Effectively managing transportation-related payments in your payroll is crucial for companies. By understanding imputed income for personal use of company cars (PUCC), non-taxable mileage reimbursement, and reimbursement for car expenses, you can streamline payroll processes and ensure compliance with tax regulations.
This article primarily aims to explain the concept of PUCC and provide guidance on adding the earning code to your payroll. Additionally, we will touch briefly on the topic of mileage reimbursements.
Personal use of company car
Personal use of company car (PUCC) refers to the situation where an employee uses a company-owned vehicle for purposes other than performing their job. A good example of PUC is when an employee uses the company car on the weekend to go shopping.
When the employee uses a company car for personal reasons, the value of that personal use is considered a taxable fringe benefit. In other words, the employee is receiving a non-cash form of compensation, and this additional value is imputed or attributed to the employee for tax purposes.

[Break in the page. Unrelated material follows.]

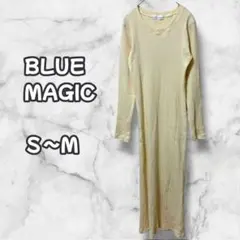 N0549　ロングワンピース　リブニット　長袖ストレッチ　アイボリー　Ｓ〜Ｍ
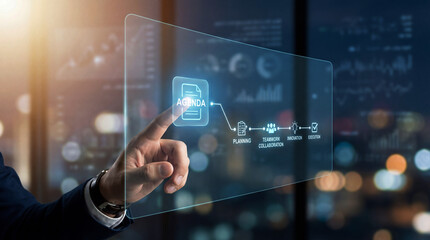 A futuristic interface with a hand interacting with a transparent screen displaying a blue icon and various data visualizations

To calculate the imputed income related to the personal use of a company car, employers often use the fair market value (FMV) of the personal use. This imputed income is then included in the employee's total compensation for taxes and will be reported on the employee’s W-2.
It's important for both employers and employees to understand the tax implications and regulations related to PUCC, as tax laws may vary by jurisdiction. Employers need to have policies and systems in place to accurately track and report the personal use of company cars.
Please note: Fingercheck can’t assist with determining how to calculate PUCC. Please contact your accountant or CPA to discuss calculating PUCC and other fringe benefits. Check out IRS Publication 15-B for more information on how to calculate PUCC and other fringe benefits.
Create a PUCC earning code
Log in to your Fingercheck account as an Administrator.
Go to SETUP > Payroll > Earnings.
Click Add.
Select a predefined template for Private use of company car:
Click the Add button for that template.
Click OK in the confirmation window that appears to proceed with adding the PUCC earning code.
Click OK in the confirmation window that appears.
Click the X in the top-right corner to close the Add Earnings panel.
The earning code appears in your list of codes.
Non-taxable mileage reimbursement
Non-taxable mileage reimbursement refers to payments made to an employee for the use of their personal car for business purposes. This reimbursement is intended to cover the costs associated with operating and maintaining the employee's personal vehicle for work-related travel. The term "non-taxable" indicates that the reimbursement is not subject to income tax, making it a tax-free benefit for the employee.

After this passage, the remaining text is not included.